Ve en önemlisi hızlı kilo kaybı, kas kaybına sebep olabilir. Bu durum organ hasarına kadar götürebilir.
Önemli olan kilo kaybetmekten çok kaybedilen kiloların korunmasıdır. Sağlıklı beslenme aç kalmadan doyarak sağlıklı kilo kaybı ile verilen kilonun tekrar alınmasını engellemektir.
Bir kişinin alması gerektiği kadar karbonhidrat, protein ve yağ makro besin grupları ve yeteri kadar vitamin – mineral alıp mikro besin grupları diyetine eklenmelidir.
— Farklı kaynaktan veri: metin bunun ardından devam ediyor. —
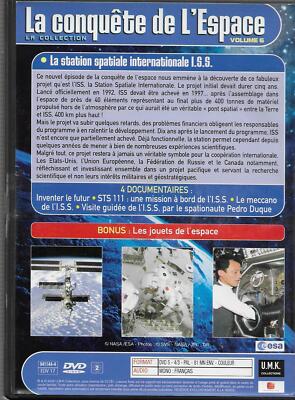 その他 Conquete De L&#39;Espace-Station 6 [DVD] La Conquete De L' Espace - La Station Spatiale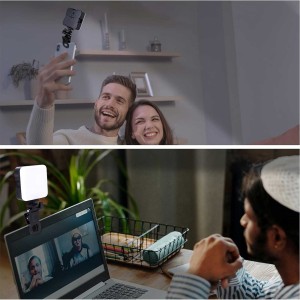 نور ثابت مخصوص موبایل و دوربین شارژی مدل M11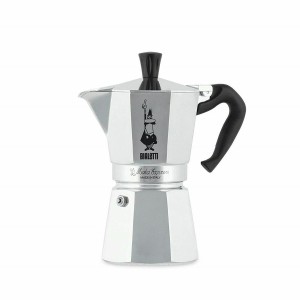 Italian Coffee Pot Bialetti 0001163 Aluminium 6 Cups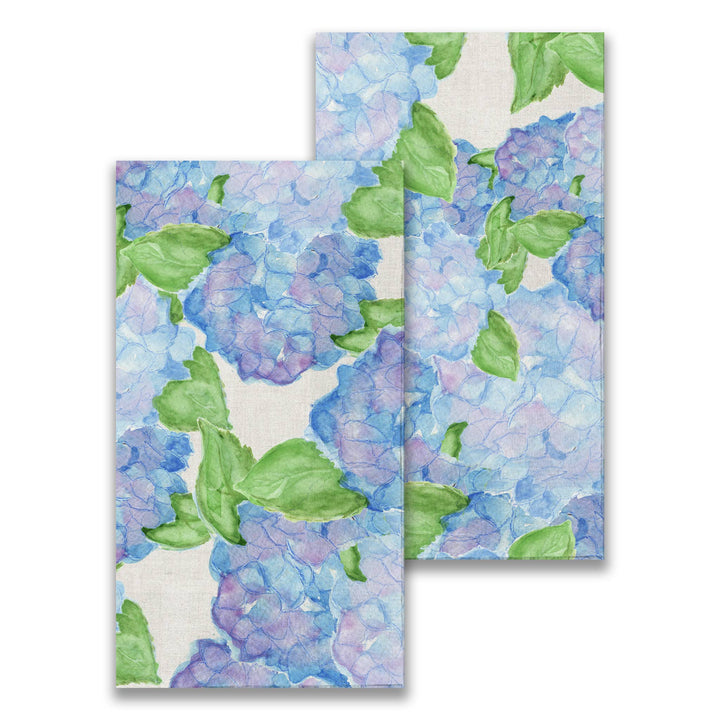 Hydrangea Bouquet Guest Towel - Small Batch Specialty Gifts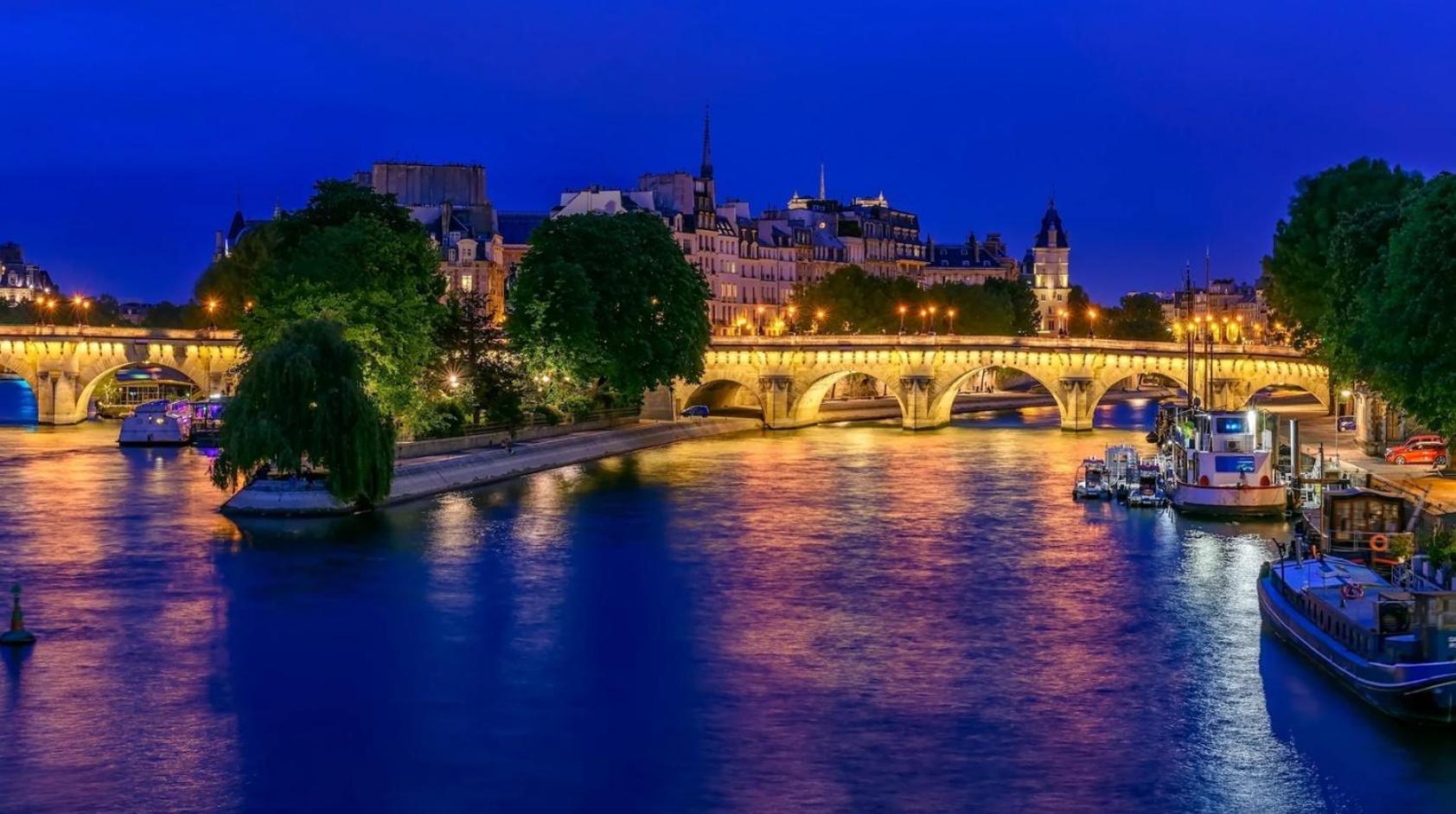 Best Central Chambres Privees - Seine & Louvre In The Connected Heart Of ปารีส ภายนอก รูปภาพ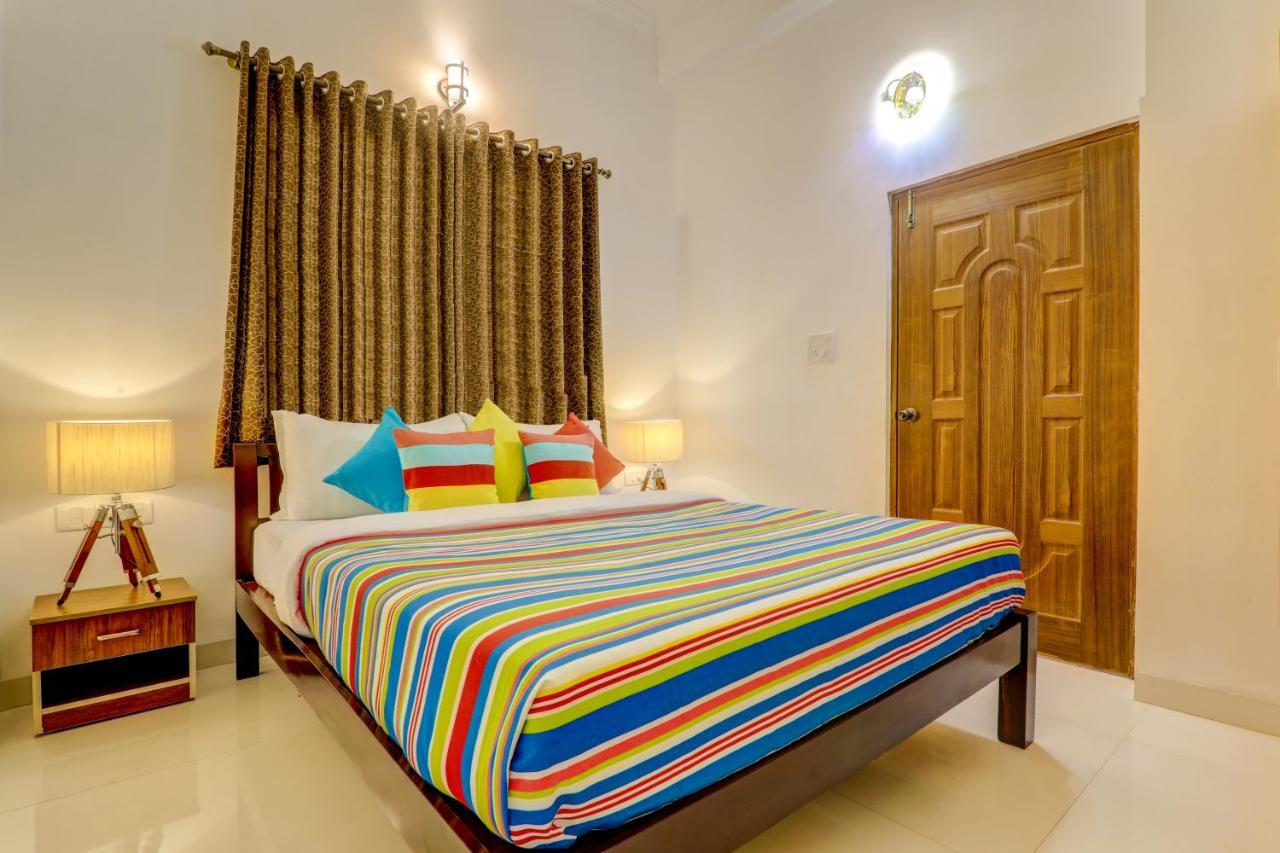 Jaqk Holidays - 9Bhk Villa For Big Groups, Private Pool-Wifi-Cartaker-Parking, North Goa Baga Eksteriør bilde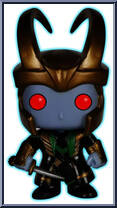 Loki (Frost) (Glows in the Dark) Action Figure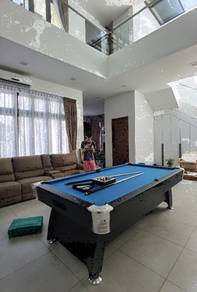American Pool Table - MDF - 8ft x 4ft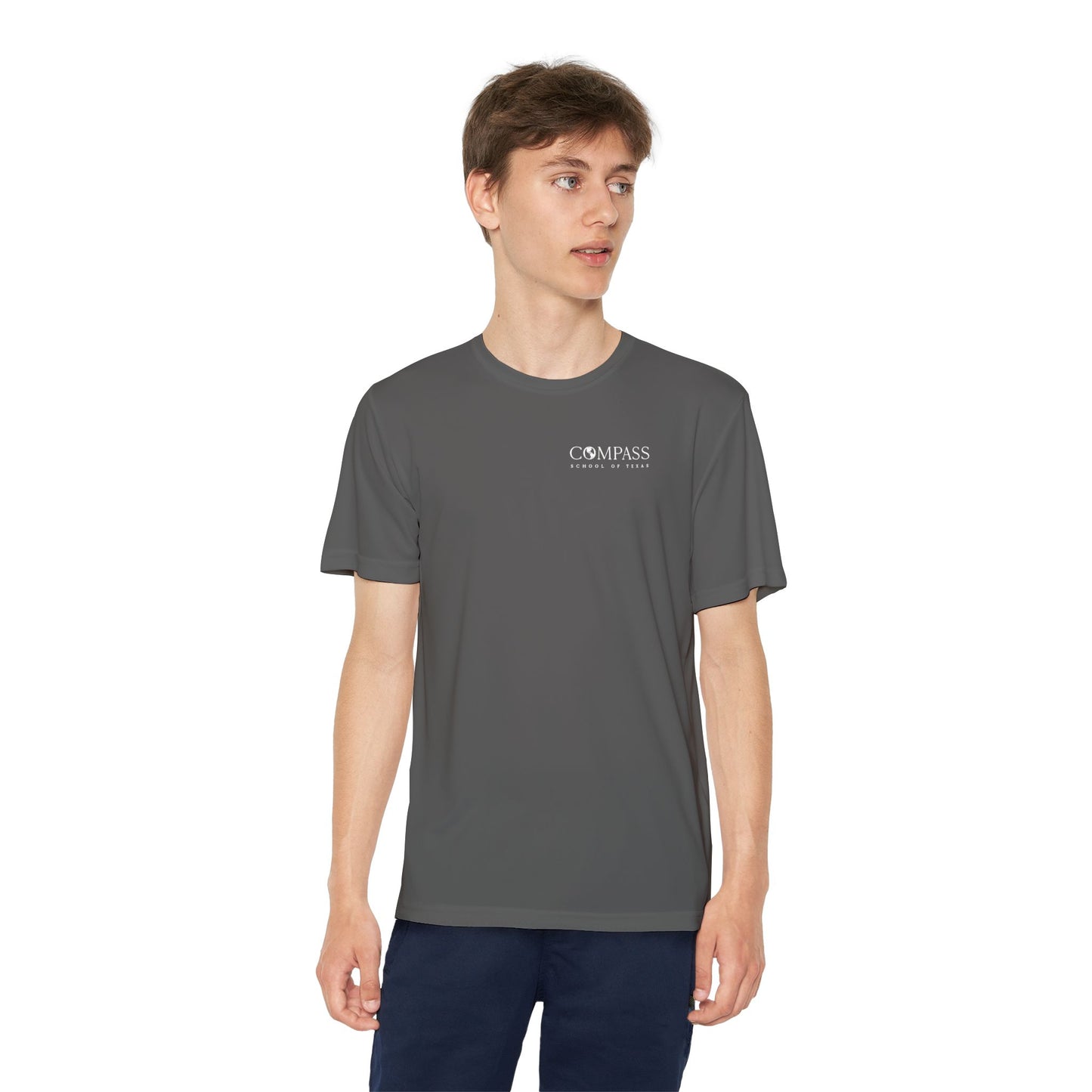 Howdy Youth Tee — From Compass School of Texas Kids Shirt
Karbonhidrat vücut için en ekonomik ve en hızlı enerji kaynağıdır. Acil durumlarda kan şekerini düzenler ve enerji gereksinmesini karşılar. Sindirim sonrası karbonhidratlar vücutta basit şekerlere, örneğin glikoza parçalanır. Kanda normal glukoz (şeker) değeri 70-100 mg/100 mL dir. Bu değerin altına düşmesi veya yükselmesi sağlık sorunu yaratır. Türkiye beslenme rehberi (TÜBER) ne göre kişinin alması gereken, diyet enerjisinin %45-60’ının karbonhidratlardan gelmesi önerilir.
Yağlar enerji kaynağıdır ve yağda çözünen vitaminleri sağlar, hücre ve bazı hormon yapıları için elzemdir. Günlük diyet enerjisinin %20-35’inin yağlardan gelmesi ve trans yağ asidi alımının ise enerjinin %1’inden az olması önerilmektedir. Cips, fastfood yerlerde satılan kızartmalar gibi trans yağ oranı çok yüksek gıdalardan hem obezite hem kanser açısından tüketmemekte fayda vardır.
Proteinler vücudun büyüme ve gelişmesi, hücre yenilenmesi, bağışıklık sistemi, bazı hormonlar ve enzimler için elzemdir. Günlük diyette enerjinin %10-20’sinin proteinlerden gelmesi önerilir.
Vitamin ve mineraller elzem ögeler olup, makro besin ögelerinin vücut için gerekli işlevleri yapabilmeleri için yardımcıdır. Vücuda alınan makro ve mikro besin ögeleri arasındaki denge önem taşır.
Bir öğünde sağlıklı beslenmek için yukarıdaki tabak modelinden faydalanabiliriz. Tabağımızı 5 e bölüp her makro besinden alacak şekilde ayarlayabiliriz
Örneğin tabağımızın bir parçasında küçük bir et ya da kurubaklagil ile protein, bol yeşillikli salata ile vitamin/mineral, bir dilim ekmek ya da pilav/makarna ile sağlıklı karbonhidrat, sonrasında tüketmek üzere bir porsiyon meyve ile dengeleyebiliriz.
Ve tabi ki bol su tüketimini ihmal etmeyelim.
Vücuttaki suyun dengesinin yaşamsal önemi vardır, günlük gereksinim 35 mL x vücut ağırlığı (kg) eşitliği ile basitçe hesaplanır. İdrar renginin koyulaşması, su ihtiyacının karşılamadığını göstergesidir.
Örneğin 70 kg bir birey içim 70x35 = 2450 ml yaklaşık 2.5 lt su tüketimi olması gerekmekle birlikte yaşa ya da hamilelik veya emzirme dönemine göre gereksinim değişmektedir.
Sağlıklı beslenip, mutlu yaşamayı ihmal etmeyelim.